Tara Packard, winner of Best Overall film in 2018.
Tara Packard, winner of Best Overall film in 2018.

Now in its fifth year, the CommUNITY Film Fest Premier Event is comprised of a lineup of 13 films— three in a professional category through the festival’s new partnership with Film Toledo. Though there have been changes over the years, the event has always been about celebrating the roles of people with disabilities, along with their skills and diversity, that make them an integral part of the community.

Building CommUNITY

The Film Fest began when the event’s chairman, Lisa Comes, and others from the Lucas County Board of Developmental Disabilities began brainstorming about events to promote inclusivity. “People are no longer going to a special place to work, or living in group homes,” says Comes. “It’s more about everyone being supported in the community at large. These folks are working, volunteering, doing recreational activities and living right next to you. They are just living life like the rest of us.”

Talk moved toward the pervasiveness of technology, and how the lives of those with disabilities could be highlighted through the medium of film. “Somehow we ended up with this idea of these stories, and having a celebration modeled after an Oscar-style event,” Comes says. They called in other agencies like the Down Syndrome Association, The Sight Center, Camp Courageous, and many others to facilitate the first CommUNITY Film Fest with a mission to inspire audiences, promote inclusion, and celebrate the everyday life of people with disabilities. While that mission has remained largely the same, there was one significant change: they removed the word “inspire.”

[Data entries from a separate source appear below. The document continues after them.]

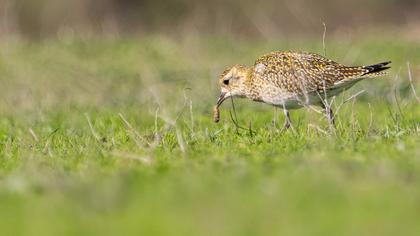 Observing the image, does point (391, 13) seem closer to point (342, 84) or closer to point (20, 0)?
point (20, 0)

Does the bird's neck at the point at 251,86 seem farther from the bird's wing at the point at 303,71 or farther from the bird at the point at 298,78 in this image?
the bird's wing at the point at 303,71

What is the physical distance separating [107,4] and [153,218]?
3295 centimetres

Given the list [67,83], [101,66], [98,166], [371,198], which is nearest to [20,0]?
[101,66]

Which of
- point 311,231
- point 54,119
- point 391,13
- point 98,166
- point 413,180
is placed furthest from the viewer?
Result: point 391,13

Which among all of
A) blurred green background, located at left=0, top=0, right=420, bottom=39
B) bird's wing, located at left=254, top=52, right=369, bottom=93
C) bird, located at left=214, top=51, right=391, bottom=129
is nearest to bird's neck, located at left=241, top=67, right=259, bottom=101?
bird, located at left=214, top=51, right=391, bottom=129

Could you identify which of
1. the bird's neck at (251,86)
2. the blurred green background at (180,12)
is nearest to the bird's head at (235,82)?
the bird's neck at (251,86)

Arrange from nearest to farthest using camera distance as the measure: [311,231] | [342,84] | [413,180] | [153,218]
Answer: [311,231], [153,218], [413,180], [342,84]

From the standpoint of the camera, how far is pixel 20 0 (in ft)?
127

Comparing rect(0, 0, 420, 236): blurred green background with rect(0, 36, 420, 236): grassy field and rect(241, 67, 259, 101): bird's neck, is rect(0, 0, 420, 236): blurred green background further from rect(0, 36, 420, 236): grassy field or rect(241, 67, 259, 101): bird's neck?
rect(241, 67, 259, 101): bird's neck

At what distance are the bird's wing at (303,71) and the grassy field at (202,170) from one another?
1.32 ft

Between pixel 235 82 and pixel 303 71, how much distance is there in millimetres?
1119

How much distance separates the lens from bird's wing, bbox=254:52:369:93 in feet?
34.2

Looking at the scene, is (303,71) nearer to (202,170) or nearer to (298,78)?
(298,78)

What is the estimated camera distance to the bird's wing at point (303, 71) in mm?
10414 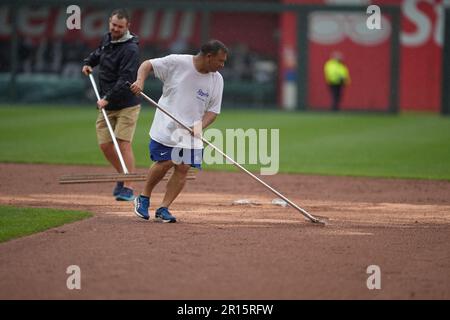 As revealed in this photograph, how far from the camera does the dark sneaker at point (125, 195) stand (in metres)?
12.5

“There are some people with disabilities who are offended by the idea that everything they do is inspiring,” explains Comes. They don’t want to be seen as heroic for going to work or visiting the grocery store.

Film Fest participant Matt Foster and his supportive service assistant, Candice Dudley-Landrum.

Film Fest participant Matt Foster and his supportive service assistant, Candice Dudley-Landrum.

Promoting the mission

Early on, the festival worked on film creation that intended to pair those with disabilities with those without. Now the event also promotes independently-made movies. “We did see early on that some people really had a knack for filmmaking and were tech savvy, so we added that category.”

This year, Film Toledo is working with three of the participants who had their films shown in past years, but who also needed further direction to move forward. One is an actor interested in making action films, another has a YouTube channel that he seeks to promote, and the third is a rap artist who needed help taking his music videos to the next level. All three will have their films shown in the professional category.

“Research shows that when you highlight a group of people with disabilities doing something, it separates them,” Comes says. “We want something that fits within the community, showing viewers the diversity of people with disabilities.” From rap artists to nature photographers, attendees will certainly see the individuality and varied interests of everyone involved.

In true Academy Awards style, this year’s Film Fest begins with a red carpet walk with members of the media taking pictures. The awards will be presented after showings of each film with filmmakers and actors available afterwards for a meet and greet.

Comes and everyone involved want the festival to promote their mission. “We want to continue to have a platform for people with disabilities, but our long-term goal is for people to move into other festivals so we don’t have a separate film fest. We want to push people who have a knack for this into the mainstream film world.”